What is the value of n so that the angle between the lines having directions rations `(1,1,1)` and `(1,-1,n)` is `60^@` ?

To find the value of \( n \) such that the angle between the lines with direction ratios \( (1, 1, 1) \) and \( (1, -1, n) \) is \( 60^\circ \), we will use the formula for the cosine of the angle between two lines in 3D space. ### Step-by-step Solution: 1. **Identify Direction Ratios:** - For the first line, the direction ratios are \( l_1 = 1, m_1 = 1, n_1 = 1 \). - For the second line, the direction ratios are \( l_2 = 1, m_2 = -1, n_2 = n \). 2. **Use the Cosine Formula:** The cosine of the angle \( \theta \) between two lines can be calculated using the formula: \[ \cos \theta = \frac{l_1 l_2 + m_1 m_2 + n_1 n_2}{\sqrt{l_1^2 + m_1^2 + n_1^2} \sqrt{l_2^2 + m_2^2 + n_2^2}} \] 3. **Substitute Known Values:** Given that \( \theta = 60^\circ \), we know that \( \cos 60^\circ = \frac{1}{2} \).

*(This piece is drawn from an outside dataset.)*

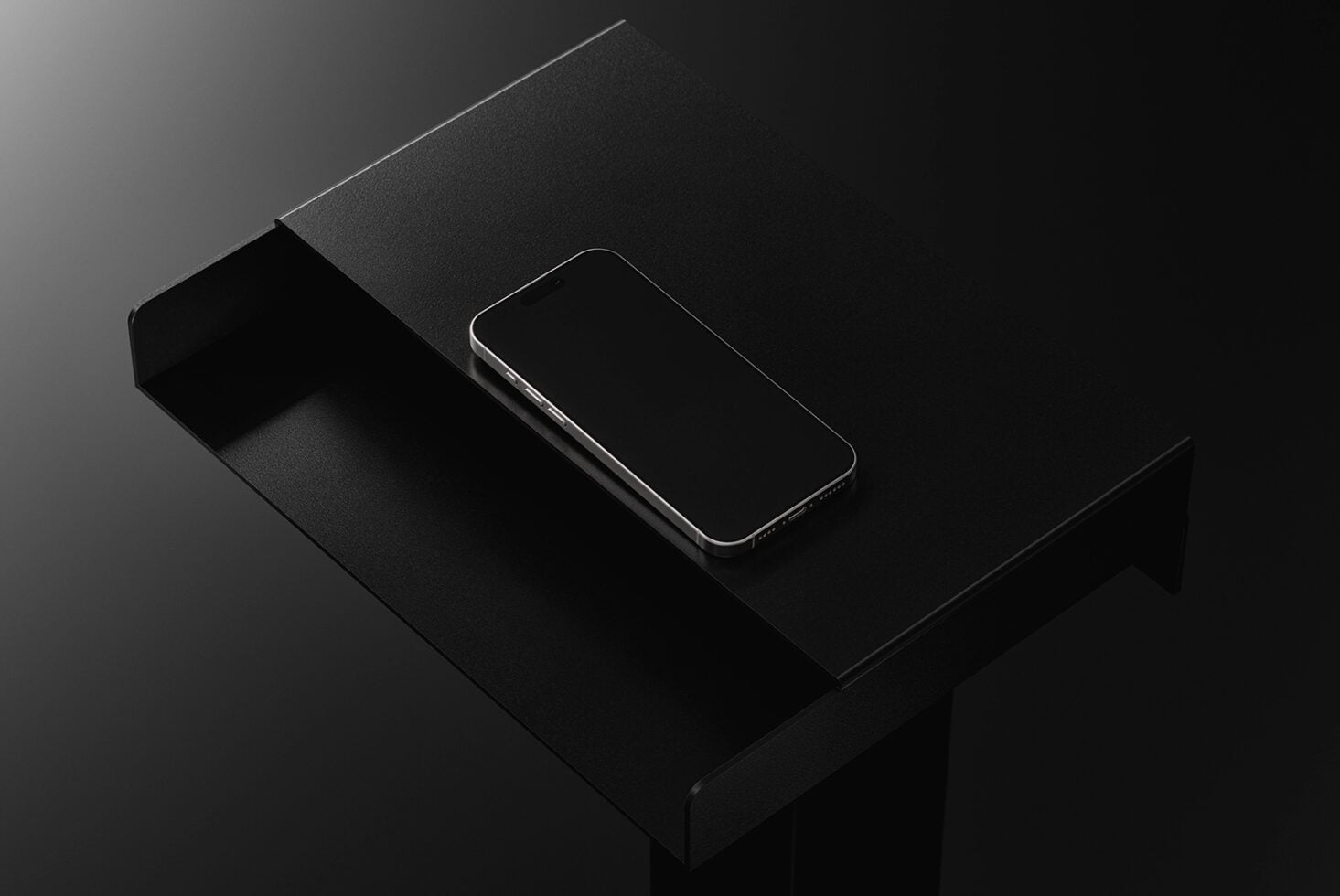 Blank phone screen sitting on dark fabric background with edge visible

Now substitute the values: \[ \frac{1 \cdot 1 + 1 \cdot (-1) + 1 \cdot n}{\sqrt{1^2 + 1^2 + 1^2} \sqrt{1^2 + (-1)^2 + n^2}} = \frac{1}{2} \] 4. **Calculate the Denominator:** - For the first line: \[ \sqrt{1^2 + 1^2 + 1^2} = \sqrt{3} \] - For the second line: \[ \sqrt{1^2 + (-1)^2 + n^2} = \sqrt{1 + 1 + n^2} = \sqrt{2 + n^2} \] 5. **Set Up the Equation:** Substitute these into the equation: \[ \frac{1 - 1 + n}{\sqrt{3} \cdot \sqrt{2 + n^2}} = \frac{1}{2} \] This simplifies to: \[ \frac{n}{\sqrt{3} \cdot \sqrt{2 + n^2}} = \frac{1}{2} \] 6. **Cross Multiply:** Cross multiplying gives: \[ 2n = \sqrt{3} \cdot \sqrt{2 + n^2} \] 7. **Square Both Sides:** Squaring both sides to eliminate the square root: \[ 4n^2 = 3(2 + n^2) \] 8. **Expand and Rearrange:** Expanding the right side: \[ 4n^2 = 6 + 3n^2 \] Rearranging gives: \[ 4n^2 - 3n^2 = 6 \implies n^2 = 6 \] 9. **Solve for \( n \):** Taking the square root of both sides: \[ n = \pm \sqrt{6} \] ### Final Answer: The value of \( n \) is \( \sqrt{6} \) or \( -\sqrt{6} \).